Copy the lines below exactly, starting at the one with "Bâche hiver pour" and ending at the one with "Peony Special-shaped Lotus", and leave out any picture.

> [Available records]
----------------

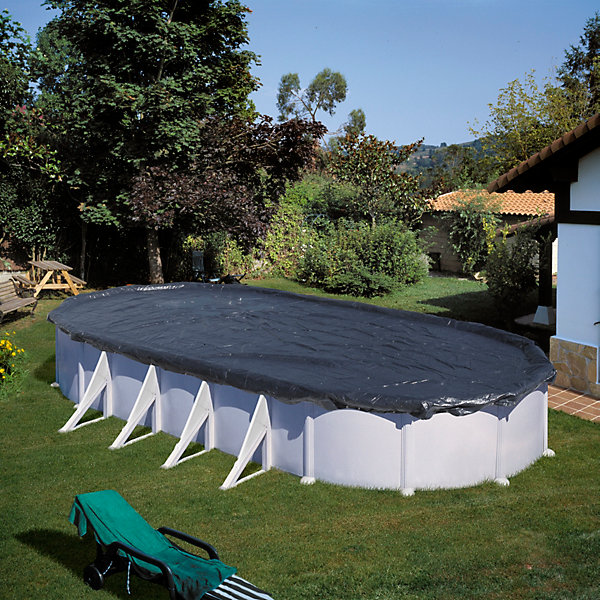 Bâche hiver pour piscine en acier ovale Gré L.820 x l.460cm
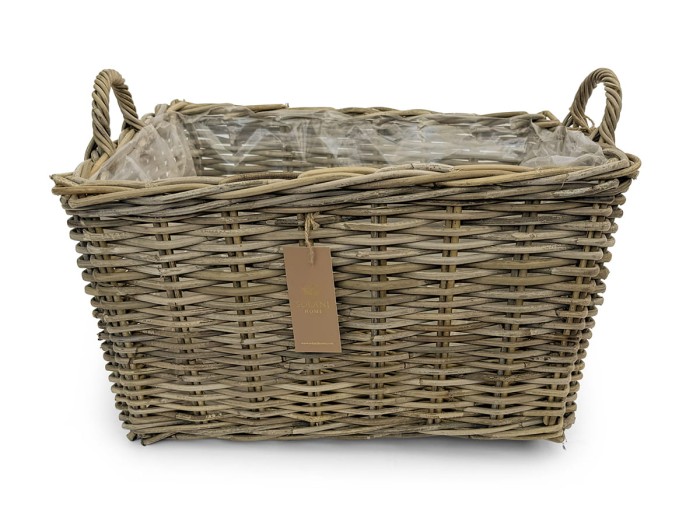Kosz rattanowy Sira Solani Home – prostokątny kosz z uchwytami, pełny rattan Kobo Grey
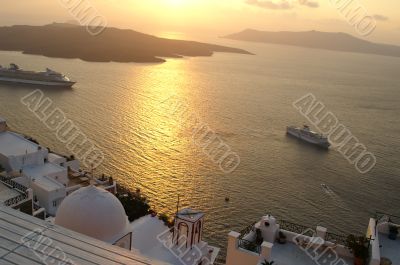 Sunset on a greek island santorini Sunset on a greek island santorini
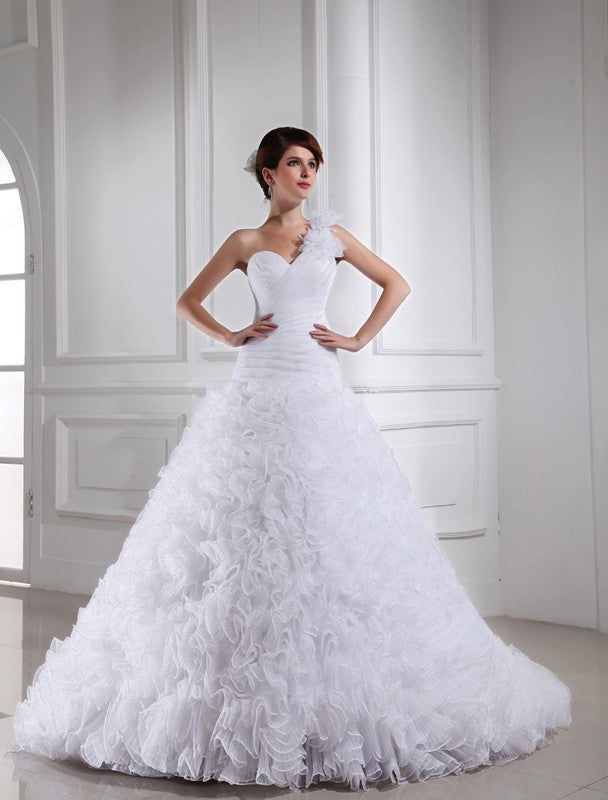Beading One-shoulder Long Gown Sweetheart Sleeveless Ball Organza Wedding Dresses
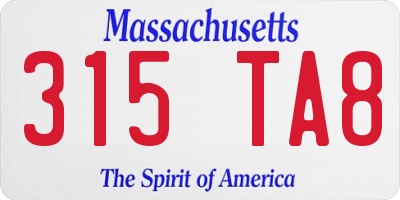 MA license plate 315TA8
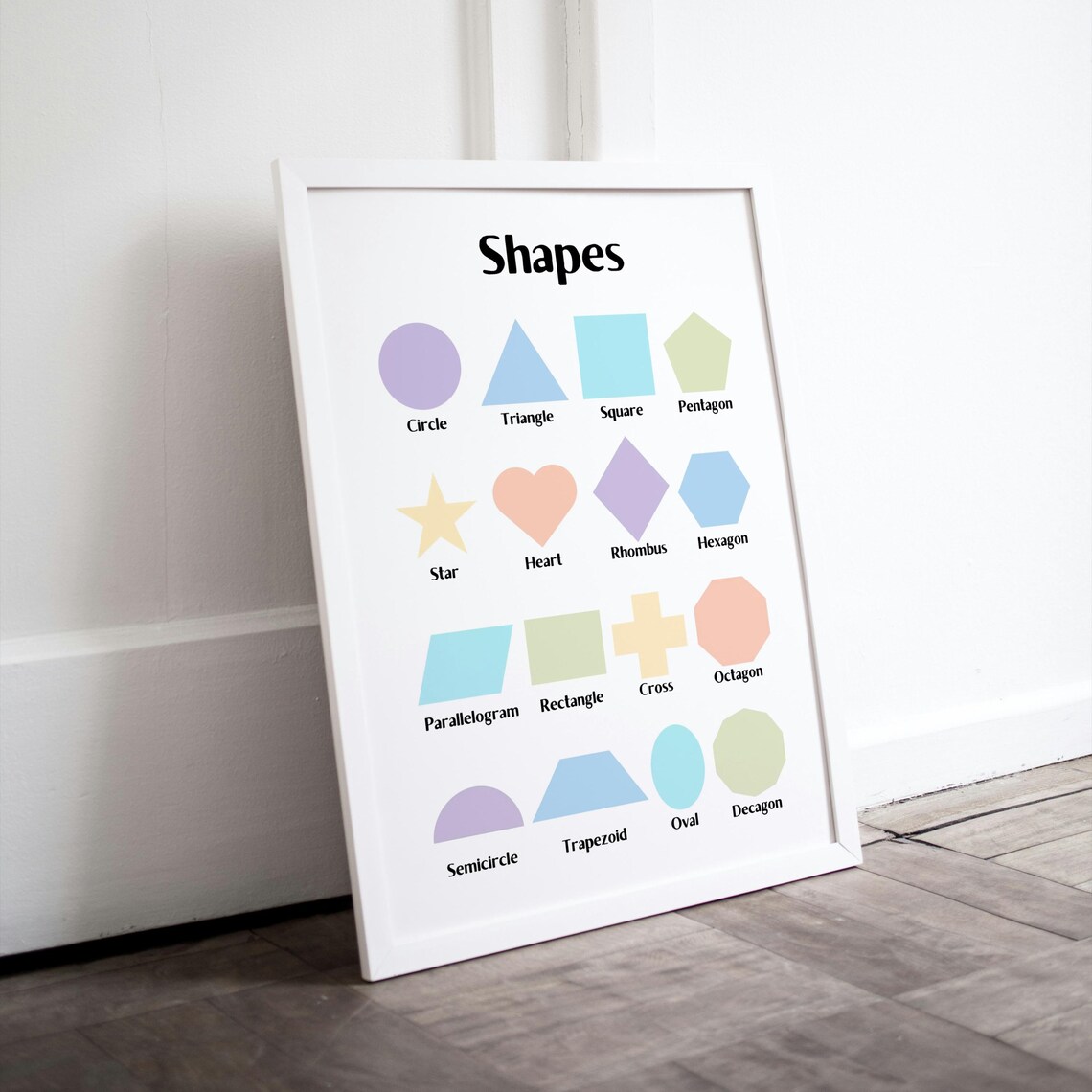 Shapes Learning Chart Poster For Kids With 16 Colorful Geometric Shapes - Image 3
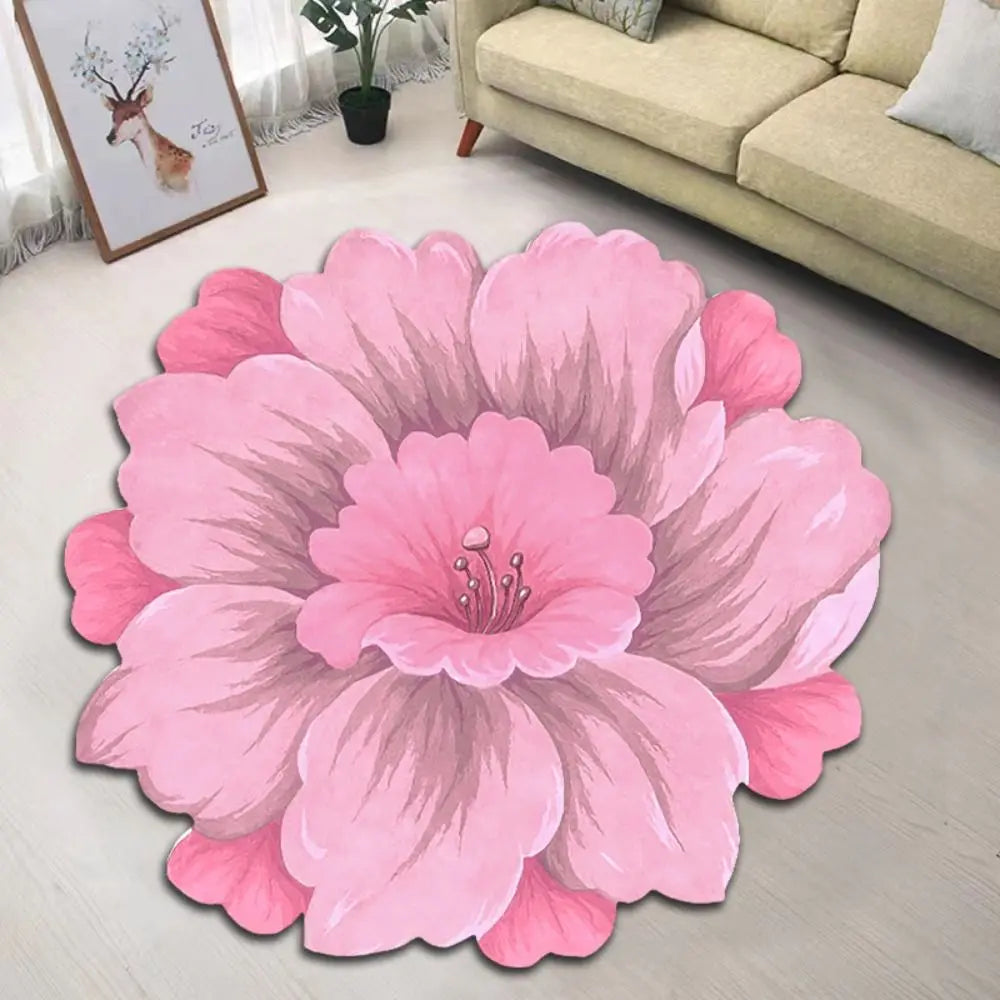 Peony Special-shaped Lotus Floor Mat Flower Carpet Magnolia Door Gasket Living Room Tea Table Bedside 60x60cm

----------------

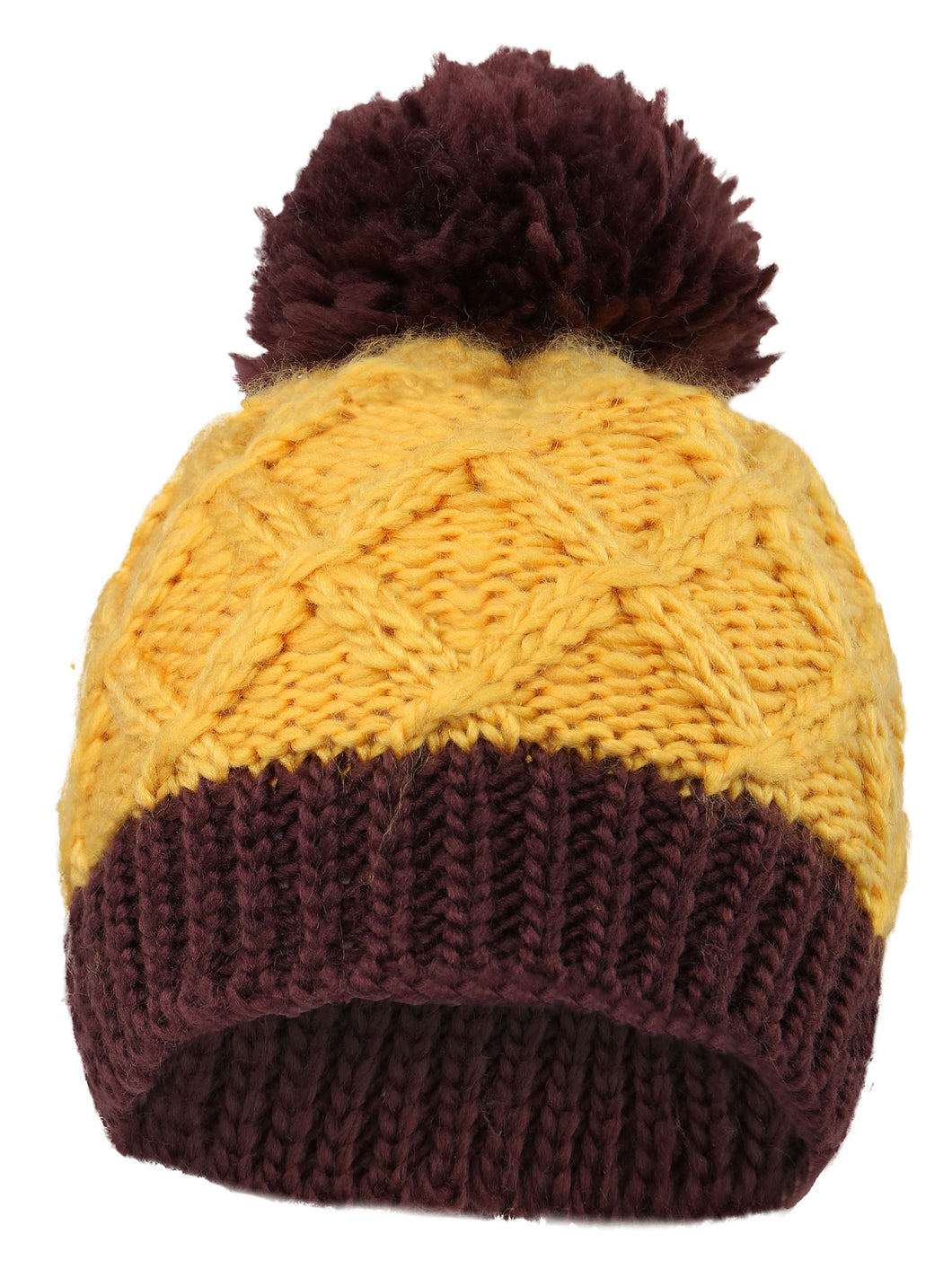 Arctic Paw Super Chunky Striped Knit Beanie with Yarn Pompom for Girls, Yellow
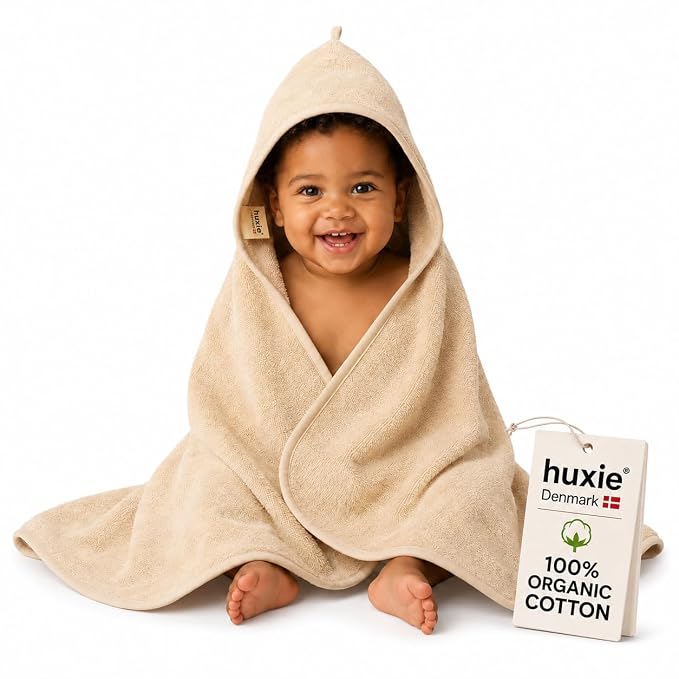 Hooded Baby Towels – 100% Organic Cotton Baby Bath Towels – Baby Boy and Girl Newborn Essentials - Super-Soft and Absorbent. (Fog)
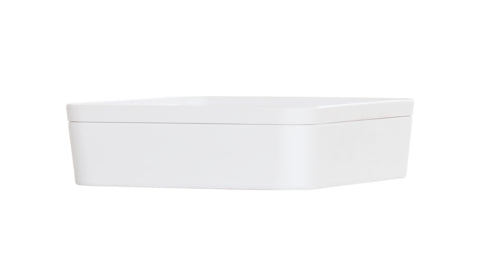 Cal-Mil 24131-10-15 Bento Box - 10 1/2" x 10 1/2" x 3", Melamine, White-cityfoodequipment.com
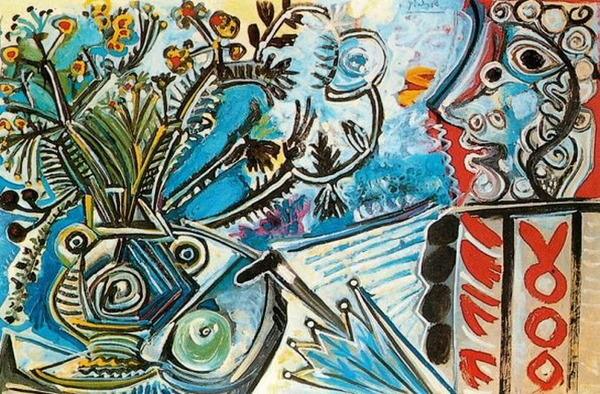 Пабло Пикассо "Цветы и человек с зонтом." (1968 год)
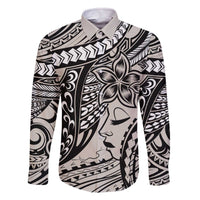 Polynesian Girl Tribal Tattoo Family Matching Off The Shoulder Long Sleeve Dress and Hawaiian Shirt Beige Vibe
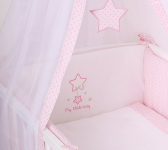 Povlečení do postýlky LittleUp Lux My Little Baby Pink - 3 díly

----------------

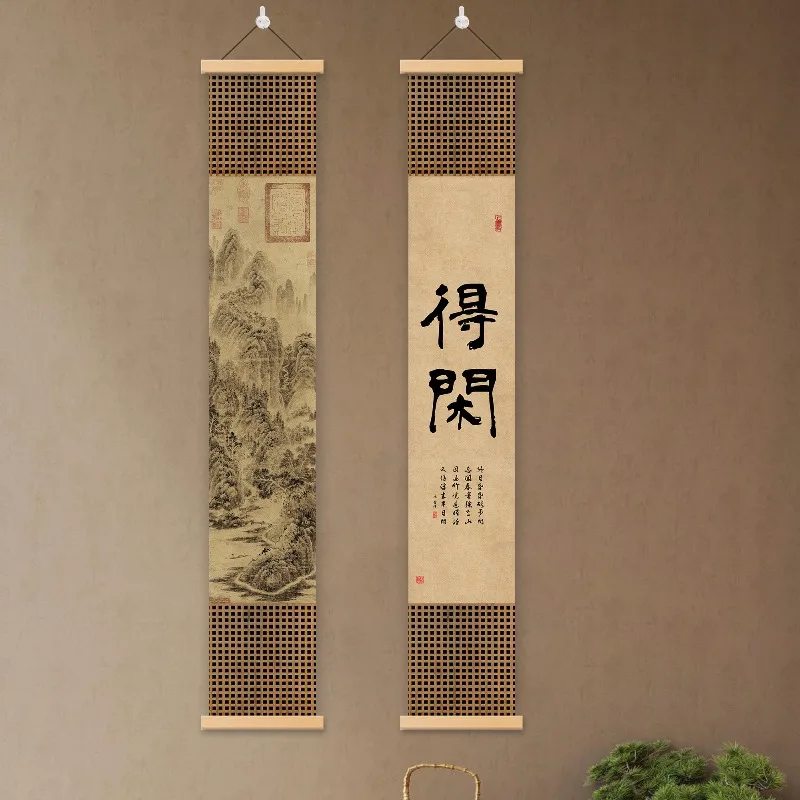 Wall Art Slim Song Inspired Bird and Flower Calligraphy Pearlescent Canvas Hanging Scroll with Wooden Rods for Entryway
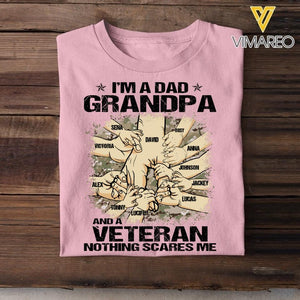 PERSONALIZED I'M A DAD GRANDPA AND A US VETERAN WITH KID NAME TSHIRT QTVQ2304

----------------

> [Solution below]
 Bâche hiver pour piscine en acier ovale Gré L.820 x l.460cm
Kosz rattanowy Sira Solani Home – prostokątny kosz z uchwytami, pełny rattan Kobo Grey
 Sunset on a greek island santorini Sunset on a greek island santorini
Beading One-shoulder Long Gown Sweetheart Sleeveless Ball Organza Wedding Dresses
 MA license plate 315TA8
 Shapes Learning Chart Poster For Kids With 16 Colorful Geometric Shapes - Image 3
 Peony Special-shaped Lotus Floor Mat Flower Carpet Magnolia Door Gasket Living Room Tea Table Bedside 60x60cm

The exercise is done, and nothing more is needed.